Expertise and experience

Examiners at the USPTO, once completing an extensive training program, affiliate with a specialty group. These groups organize the examiners into topics so that their specific knowledge and experience is applicable to the subject matter they will examine. Examination of an application, though the responsibility of a single examiner, often involves participation or assignment by more senior group leaders who have been working in a particular field for much of their career. Between 2005 and 2007, the USPTO recognized that examiner attrition had become a significant problem. The body of experienced patent researchers was shrinking rather than growing. The problem is not about whether examiners can simply identify what’s going on in a patent--most university graduates can eventually read and understand patents in their field. The problems are efficiency and effectiveness. Inexperienced examiners take longer, and their lack of familiarity with the history of particular field means they miss critical knowledge that would help them complete an effective prior art search, particularly of non-patent literature.

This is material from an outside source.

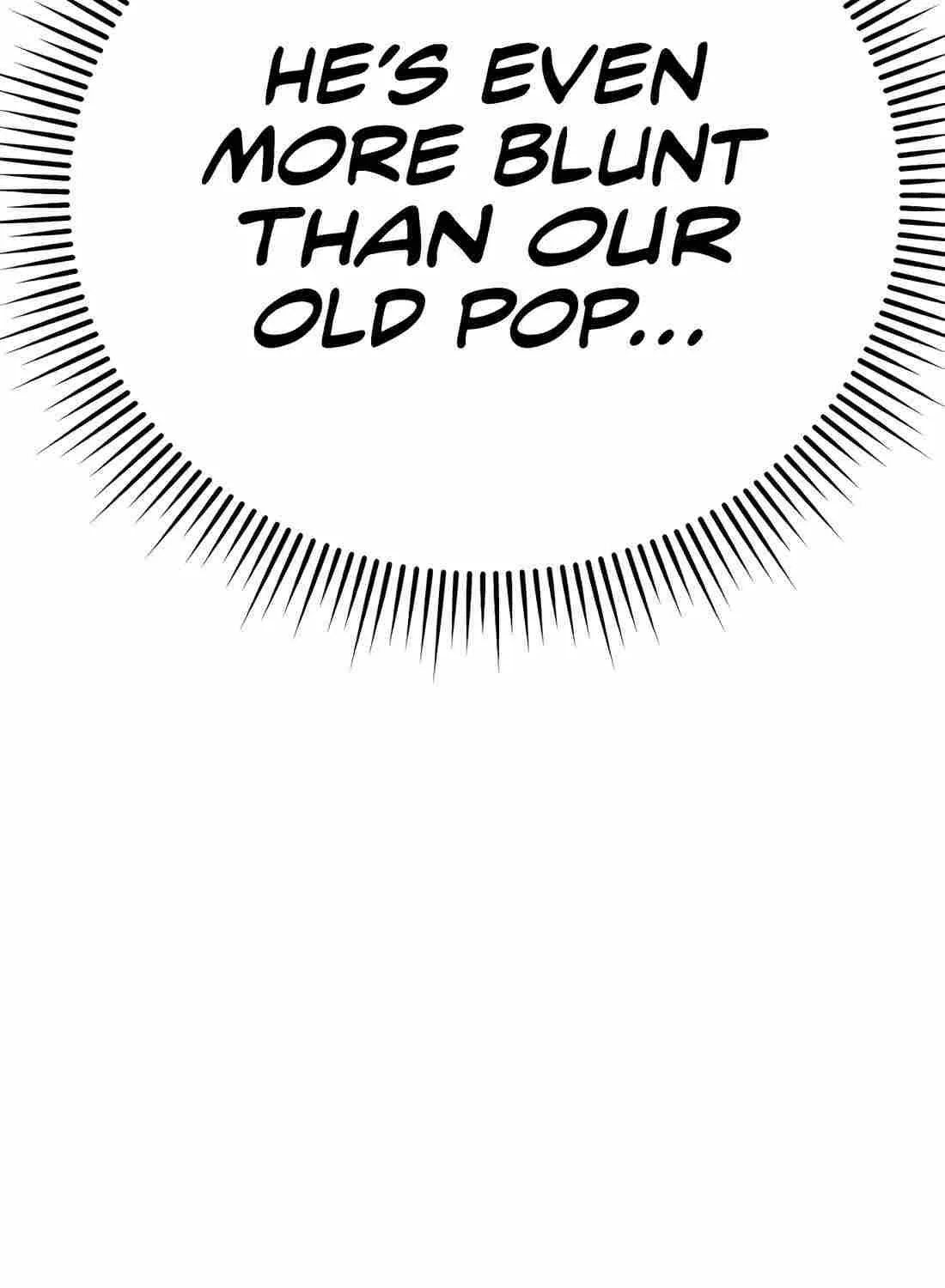 Rookie Employee Kim Cheolsu Chapter 80 page 213 -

Non-patent literature is at the heart of a divide between the scientific community and the intellectual property community that at very least aggravates many of the USPTO’s existing problems. Scientific researchers at research universities or laboratories are seldom concerned with the details of the patent process, and few (if any) remain apprised of the latest patents in their field. These researchers typically develop a very high degree of specialization in their field and devote most of their energy into becoming and remaining a part of the academic community through academic publishing in scientific journals. [] The IEEE alone publishes more than 120 peer reviewed journals and more than 300 annual conferences, behind which is an army of nearly 400,000 researchers pushing the boundaries of innovation in just the fields of electrical engineering and computer science. Behind these researchers are, in turn, armies of tech-transfer-office employees and patent attorneys who take care of the patent details with which the researchers do not want to concern themselves.

This hardly seems fair, and the USPTO, with all its problems, no doubt get my kudos. No matter how hard they try and how efficient they are, the only 6,000 examiners have little hope of keeping up.

Getting back on track

In the second article of this series, I mentioned some steps the agency has taken to combat examiner attrition and increase hiring of qualified experts. In a 2010, the Government Accountability Office notes that “[r]ecently, the USPTO management has also recognized the need for changes in its performance management system and additional training for its employees and manager.” The management has implemented new timing, control, and performance evaluation measures to help bring the system back into balance[Tack 1 enhanced timing control procedures.]. These measures, by my estimation more reactive than proactive, are now little more than damage control.

The Leahy-Smith America Invents Act also represents a significant shift in the American patent system which should eventually provide significant relief to many of the problems discussed in this series. Major stipulations include switching to a first-to-file system, which should reduce the difficulties posed by non-patent literature to patentability. The system does not change until march of next year, though, and another generation will pass before many of these patents expire--so in the shorter term the system still has significant difficulties to address in these domains.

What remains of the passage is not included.